IBRAHIMOVIC DAL 2010 AL 2020 IL CARATTERE È SEMPRE LO STESSO
Dieci anni fa, estate del 2010, Zlatan Ibrahimovic si presentò al pubblico di San Siro durante l’intervallo di Milan-Lecce. Era in maglietta, jeans scuri e scarpe da ginnastica. Lo applaudirono e lui gridò nel microfono: «Sono venuto qui per vincere e quest’anno vinciamo tutto». Fu di parola: a fine stagione consegnò al Milan di Berlusconi lo scudetto e lo festeggiò saltellando assieme all’allenatore Massimiliano Allegri. Era un’altra epoca, era un altro Milan, con Nesta e Inzaghi, Pato e Robinho, Seedorf e Thiago Silva. Dieci anni più tardi, inverno del 2020, per la sua seconda sfilata in rossonero, davanti a centinaia di tifosi adoranti che lo aspettano come i fedeli aspettano il Messia, Zlatan Ibrahimovic indossa giacca, cravatta e scarpe griffate. Qualcuno, nel cambiamento di look, potrebbe leggere un imborghesimento del personaggio, meno casual e più glamour, ma poi è sufficiente ascoltarlo per capire che Ibra «versione 2020» è identico, almeno nei discorsi e nelle intenzioni, a Ibra «versione 2010». Non è l’abito che fa il monaco, ma il verbo che va predicando. Nel 2010 veniva dal
Barcellona, cioè da una delle più forti squadre del mondo (se non la più forte), ora arriva dalla California dopo due stagioni con i Los Angeles Galaxy. E qui, molto più che nel modo di vestire, la differenza è sostanza. Sarà in grado Ibra di riportare il sorriso sui volti intristiti, quasi rassegnati, dei tifosi che hanno ancora nella memoria i cinque gol beccati a Bergamo con l’Atalanta? Sarà in grado, con il carisma e magari qualche urlaccio, di rivitalizzare un ambiente che, negli ultimi mesi, ha vissuto in costante depressione? Le scommesse sono aperte e agli inguaribili ottimisti si oppone il partito di coloro che, con razionalità, non s’illudono di rivedere l’Ibra di dieci anni fa, tutto muscoli, potenza, e tocchi da fuoriclasse. Lui stesso, che ha preso la decisione di tornare al Milan dopo averci riflettuto a lungo, ammette: «So che non posso giocare come quando avevo 28 anni, ma i giocatori intelligenti sanno come gestirsi: si può correre meno e tirare di più da 40 metri».

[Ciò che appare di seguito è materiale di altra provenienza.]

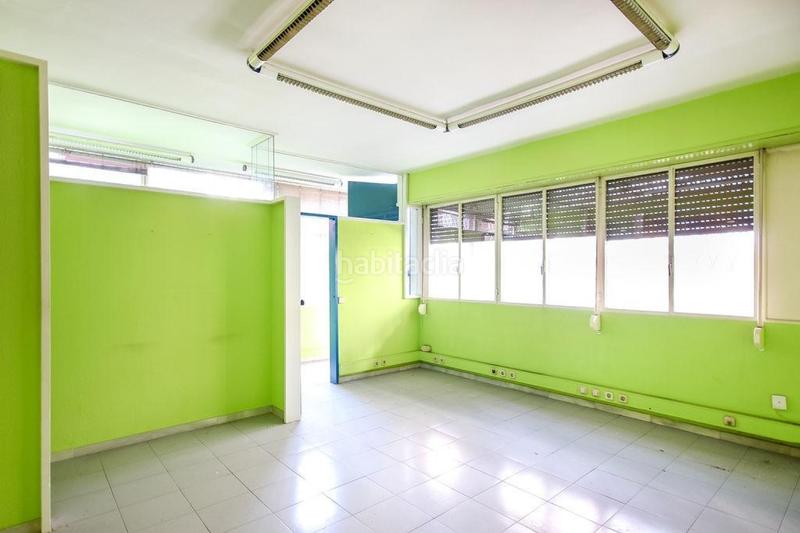 Foto 8bddd9af-a7d4-4040-883b-36c66b61a184. Ufficio con riscaldamento in La Nova Esquerra de l´Eixample Barcelona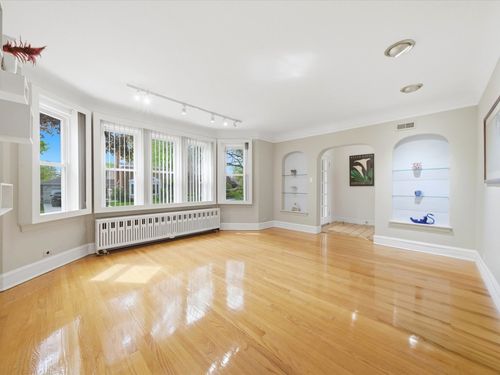 5919 N Bernard St, Chicago, IL, 60659-3403 | Card Image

Oltre alla consueta dose di autostima che a qualcuno può sembrare arroganza, non gli manca la consapevolezza, e questo è positivo. L’orologio di Ibra non si è fermato al 2010, lui ha accumulato esperienze, è diventato più maturo e tutto questo bagaglio ora lo consegna al Milan. Non è più quello di prima, lo sa, come sa di essere ormai al tramonto della carriera, ma non è detto che questa fase debba coincidere con la malinconia e con i rimpianti. La grinta che riempie il suo discorso da neo-rossonero è quella di una volta: «Ho voglia di sentire l’erba e la pressione dello stadio: se mi fischieranno, aumenterà l’adrenalina, e a fine partita applaudiranno». Scorrono gli anni, l’uomo invecchia, d’accordo, ma il carattere non cambia. E siccome il carattere è alla base di ogni impresa si può tranquillamente sostenere che il primo passo del nuovo Ibra è stato fatto nella direzione giusta. E ora che il Milan ha ritrovato il suo professor Keating, quello dell’«Attimo Fuggente», c’è da augurarsi che gli studenti, cioè i giocatori di oggi, ne ascoltino la lezione: «Nulla è difficile per coloro che hanno la volontà».